From the Guidelines
For a shocked patient who is anxious, restless, confused, with a blood pressure of 80/40 mmHg, the most appropriate initial fluid would be option A, Ringer's lactate. This recommendation is based on the Surviving Sepsis Campaign guidelines, which suggest using crystalloids as the initial fluid of choice in the resuscitation of severe sepsis and septic shock 1. The guidelines recommend crystalloids, such as Ringer's lactate, for initial resuscitation and subsequent intravascular volume replacement in patients with sepsis and septic shock, due to their ability to restore intravascular volume and maintain electrolyte balance. Some key points to consider in the management of this patient include:
- Initial fluid resuscitation should begin with at least 30 mL/kg of IV crystalloid fluid within the first 3 hours 1.

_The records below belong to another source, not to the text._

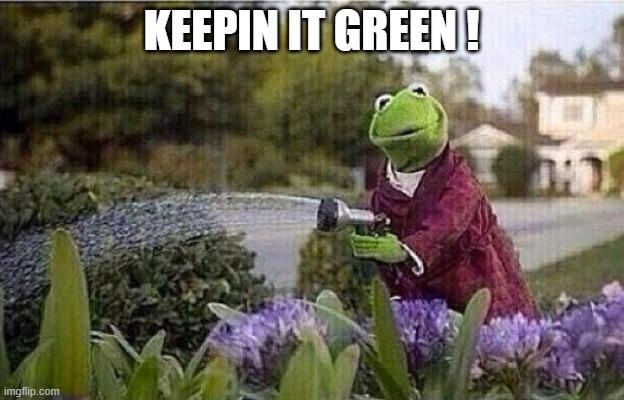 keeping it green ! | KEEPIN IT GREEN ! | image tagged in kermit watering plants | made w/ Imgflip meme maker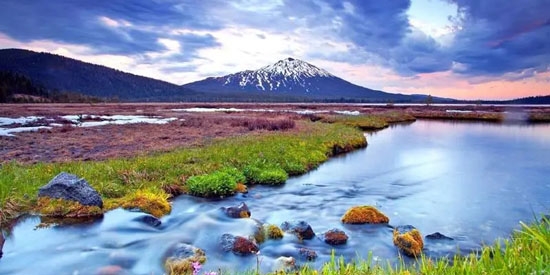 未来壁纸app官方版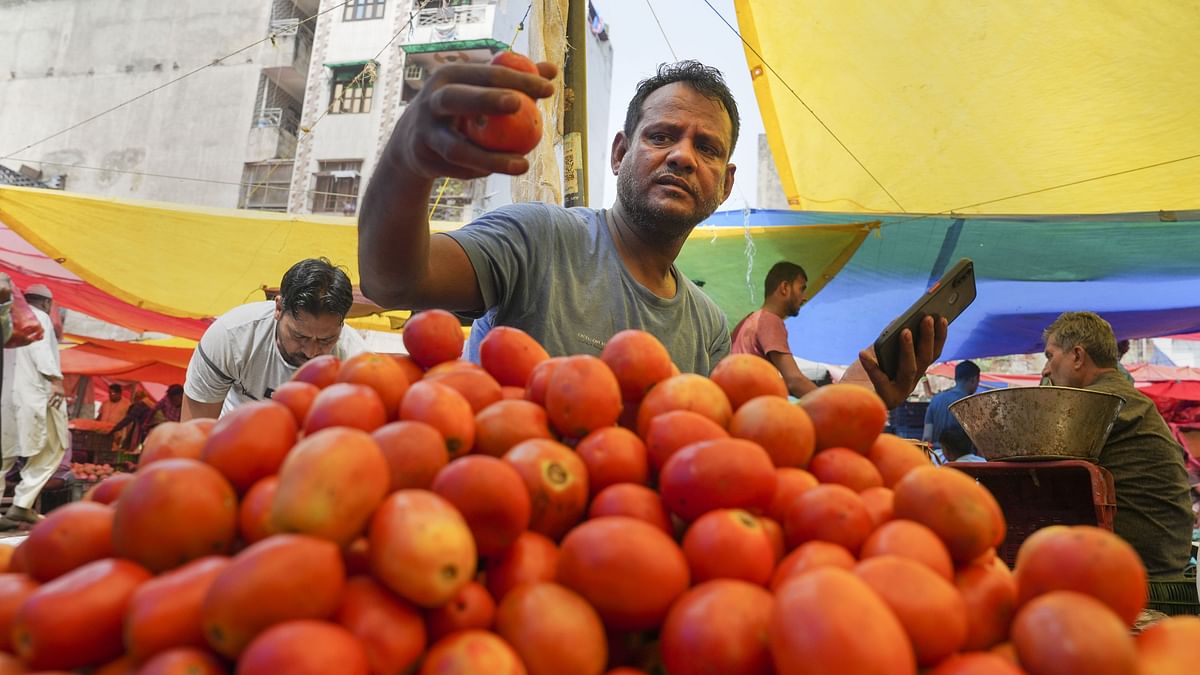 Centre Caps Tomato Price @ Rs 80 in Delhi, Noida: Why Are Veggie Prices Soaring?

- Additional fluids should be guided by frequent reassessment of hemodynamic status, including clinical examination and evaluation of available physiologic variables 1.
- Dynamic variables, such as pulse pressure variation, should be used to predict fluid responsiveness where available 1.
- The initial target mean arterial pressure (MAP) should be 65 mm Hg in patients with septic shock requiring vasopressors 1. Overall, the use of Ringer's lactate as the initial fluid in this scenario is supported by the guidelines and is consistent with current best practices in the management of septic shock.
From the Research
Fluid Resuscitation for Shocked Patient
The patient is experiencing shock, anxiety, restlessness, confusion, and has a blood pressure of 80/40. The appropriate fluid for resuscitation in this scenario is crucial.
- The study 2 compared the hemodynamic effects of hypertonic saline 5% and lactated Ringer's solutions in patients with hemorrhagic shock, and found that both solutions can improve hemodynamic status, but lactated Ringer's is more potent in improving tissue oxygenation.
- Another study 3 found that initial fluid resuscitation with lactated Ringer's solution, compared with 0.9% saline, might be associated with improved survival in patients with sepsis-induced hypotension.
- A study 4 compared the use of hypertonic salt solution with Ringer's lactate as an initial resuscitation fluid for the treatment of hemorrhagic shock, and found that hypertonic saline increases cardiac output with less net fluid and decreases pulmonary vascular resistance.
- The study 5 compared the effects of lactated Ringer's solution, hypertonic saline dextran, and HBOC-201 on tissue oxygen tension levels in selected tissue beds after hemorrhagic shock, and found that there were no significant differences in measured liver or muscle PO2 values after resuscitation with any of the three solutions.
- Another study 6 compared the effects of Plasma-lyte A, lactated Ringer's, and normal saline on acid-base status and intestine injury in the initial treatment of hemorrhagic shock, and found that Plasma-lyte A is better at correcting the acid-base balance and improving intestine injury during hemorrhagic shock than normal saline and lactated Ringer's.
Recommended Fluid
Based on the studies, the recommended fluid for resuscitation in this scenario is:
- Lactated Ringer's solution (A) is a suitable option, as it can improve hemodynamic status and tissue oxygenation 2, 3.
- However, the patient's condition and the underlying cause of shock should be considered when choosing the most appropriate fluid.
Other Options
- Saline 1000 ml (B) may not be the best option, as it can lead to hyperchloremic acidosis and may not provide the same level of tissue oxygenation as lactated Ringer's solution 3, 6.
- Crossed matched blood (C) and non-cross matched O negative blood (D) may be considered if the patient is experiencing significant blood loss, but they are not typically used as initial resuscitation fluids.